The last two paragraphs answer Question One.  The answer to Question Two is, after Arizona's legal battles over SB 1070 are concluded, we might have a very similar situation to the one described above.  There will be "sanctuary" or "illegal alien" states, and there will be "rule of law" or "no illegal alien" states.

The Department of Justice's attorneys attempted to enjoin all the illegal immigration fighting legislation contained in SB 1070.  They didn't succeed.
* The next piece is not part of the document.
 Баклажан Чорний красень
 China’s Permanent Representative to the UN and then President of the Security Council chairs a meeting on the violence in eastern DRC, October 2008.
Certainly, key parts were temporarily suspended.  Indeed, those injunctions may become permanent upon further judicial review.  Several key provisions were left standing, however and, as this is being written, Maricopa County sweeps for illegal aliens are taking place.  Further, in anticipation of immigration law enforcement legislation being enacted, tens of thousands of the undocumented, along with their family members, have fled Arizona for friendlier terrain.

The bottom line is that states can engage in some fashion of immigration law enforcement.  No knowledgeable party has represented otherwise.  287(g) employee checks, day laborer restriction regulations, and a host of other programs or currently existing laws are available to states that want to deter the influx of the marginally educated and financially needy population that is unlawfully setting up house in their cities and villages.
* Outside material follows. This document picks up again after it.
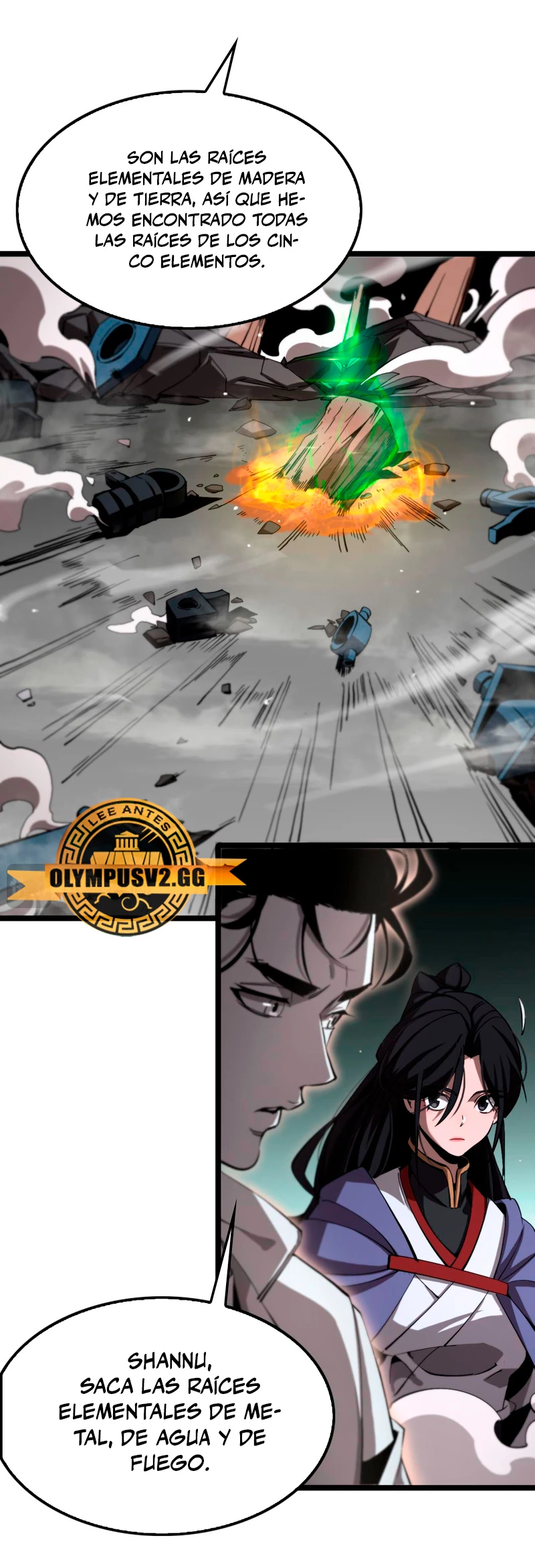 Apocalipsis Mundial en Linea capítulo 247, página 17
In fact, the SB 1070 litigation is likely to better clarify what the limits are regarding the federal government's ability to prevent states from performing the immigration enforcement-related duties it has avoided.  Nonetheless, some of SB 1070 will remain standing, and with it, the ability to encourage illegal aliens to flee.

States already considering Arizona-type laws (Pennsylvania, Tennessee, Oklahoma ...) will have a blueprint after the Supreme Court has spoken, and may decide to follow suit.  And certainly, there are illegal alien saturated locations in the United States, such as California, New York and New Mexico, that are currently far too politically liberal to anticipate that they are the next locations where an "Arizona uprising" is likely to unfold.
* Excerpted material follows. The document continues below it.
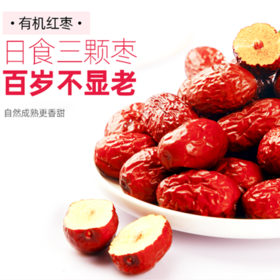 有机红枣·零食组合 健康美味 轻食新选择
Will most illegal aliens in "rule of law" states head home?  Probably not. Particularly when the economy improves.  They're likely to pack up for Los Angeles, Houston, Chicago and other locations with entrenched sanctuary policies.

In short, the illegal alien saturated states will become more so, and the less hospitable will reap much smaller and quieter populations of those "living in the shadows."  There'll essentially be Illegal Alien States and Non-Illegal Alien States.

Will California, Illinois and Texas exploit their abundant "resource" and become reborn manufacturing centers, fueled by sub-minimum wage laborers?  Will Arizona, Pennsylvania and Ohio flourish with improved public schools and greatly reduced tax burdens.  Hold on to your hats.  There's a reasonable chance we'll find out before the last of the baby-boomer generation reaches retirement age.